完全歩合制の会社でも残業代を払わないのは違法

完全歩合制というのは、給料の支払い方のひとつです。

歩合制とは、成果物の完成や、顧客との契約獲得などの一定条件に対して、「1件につき、〇%」とか「1件につき〇万円」という形で賃金を支給する方式のことです。完全歩合制は、働いて得る賃金のすべてが、この歩合制によって算出されるものをいいます。

月々の収入額が安定しづらいという難点はありますが、労働者が努力して実力をつけ、より多くの成果を上げることで、収入が大幅にUPする利点もあります。労働者の達成感、到達感が分かりやすく感じられることから、「労働者のモチベーション維持にも役立つ」として導入している会社もあります。比較的限られた分野の業種での運用が多いことと、業務委託契約による請負型の報酬制度と混同されやすいので、違法と誤解される向きもあるようですが、完全歩合制そのものは違法ではありません。
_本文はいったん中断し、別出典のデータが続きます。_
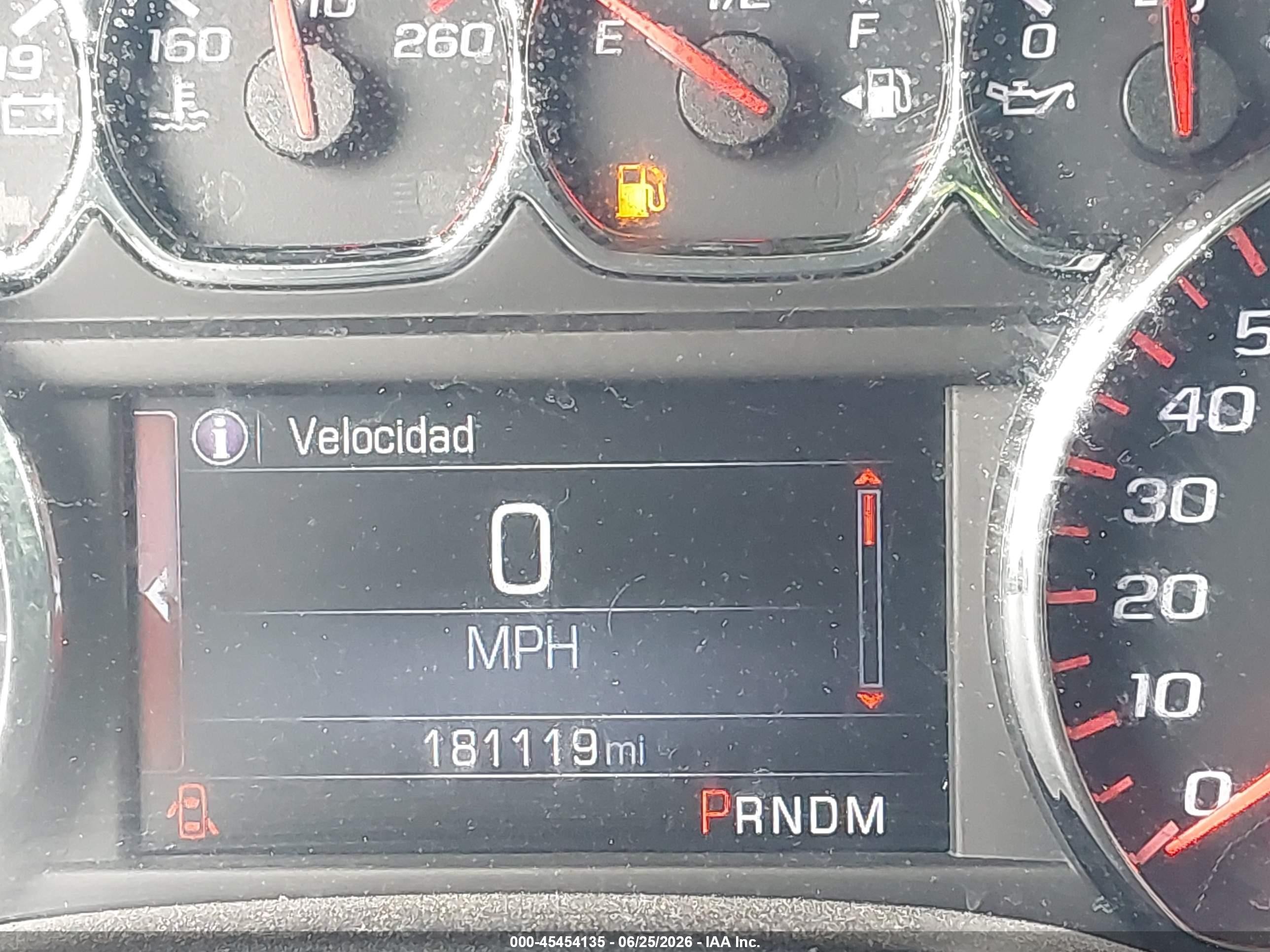 2014 Gmc Sierra 1500 Slt Gray vin: 3GTP1VEC0EG475601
仕事によって、業種によって給料の計算方法は違うものです。時給や日給のほか、成果物や業績によって報奨金制度を導入しているところもあれば、営業職で歩合制というところもあります。それぞれに適切な導入と計算方法を行っていればよく、「完全歩合制で、よそと違うから違法」といういい方はできません。

例えば、「完全歩合制だから、残業代は払わない」ということになると、違法になります。

完全歩合制であれ、時給月給制であれ、労働者はその成果を得るために働いていることに違いはありません。そして、労働基準法は「給料の計算方法や払い方が違う場合は、時間外労働の賃金をカットしてよい」という特例は設けていません。働いたら、その時間に応じて労働の対価として賃金を支払う、という賃金全額支給の原則は完全歩合制にも適用されています。従って、完全歩合制の労働者でも、1日8時間を超えて労働をした場合は、時間外労働手当を請求することができる、ということになります。